This was a very short book (little more than 100 pages), and lacked an index which it could have used, but it offers a refreshing take on Greek gods and associated mythology, telling the tale of the Greek pantheon (twelve disciples anyone?!) with an unflinching eye. We learn of Zeus, Hera, Athene, Poseidon, Hades, Demeter, Apollo & Artemis, Hermes, Hæphestus, and Aphrodite, as well as other important characters such as Prometheus, Pandora, Phaeton, Orpheus (yes in the underworld!), Echo & Narcissus, Eros & Psyche, and Arion.

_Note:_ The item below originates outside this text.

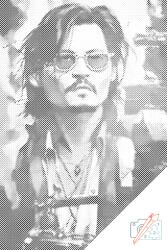 PontPöttyöző - Johnny Depp Méret: 40x60cm, Keretezés: Keret nélkül (csak a vászon), Szín: Fekete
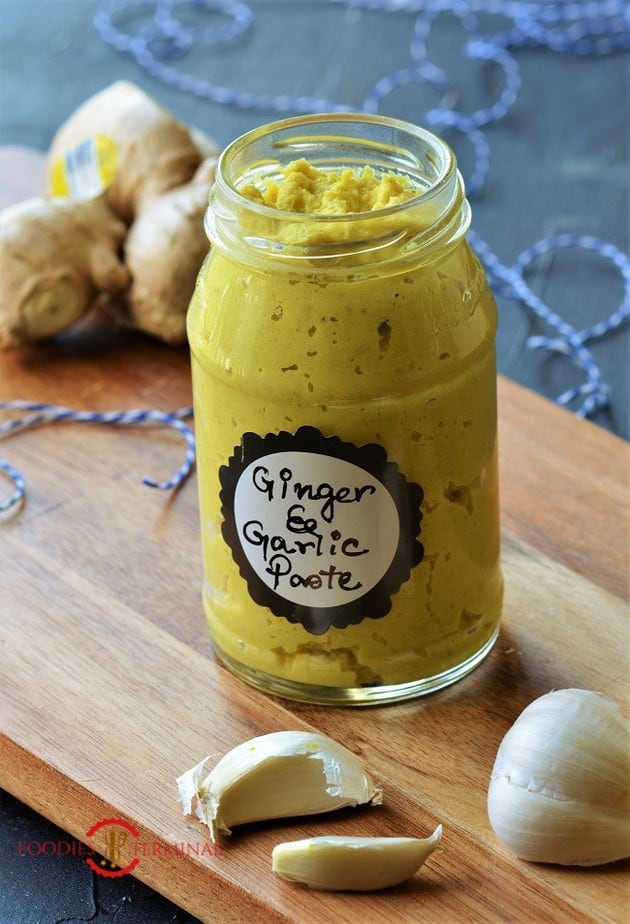 Ginger Garlic Paste Recipe in a glass jar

What's striking is how much Christian mythology owes to its Greek forebear. Male god associated with mountains and lightning? Check! male god makes humans out of clay? Check! Those with the power of a god having to walk around in the garden trying to find someone? A god changing into an animal to seduce someone? A huge flood? Check! A man and his wife trying escape burning destruction and because one of them looks back the wife is lost? Check! It's all here: everything the Judaic and Christian pantheons later purloined for their own mythology.
It's entertainingly written and does not shy from the gory bits, so it's no sugary, boring middle-grade series inexplicably set in the USA. I recommend reading this or something like it, if only for the ideas it can deliver for your own writing.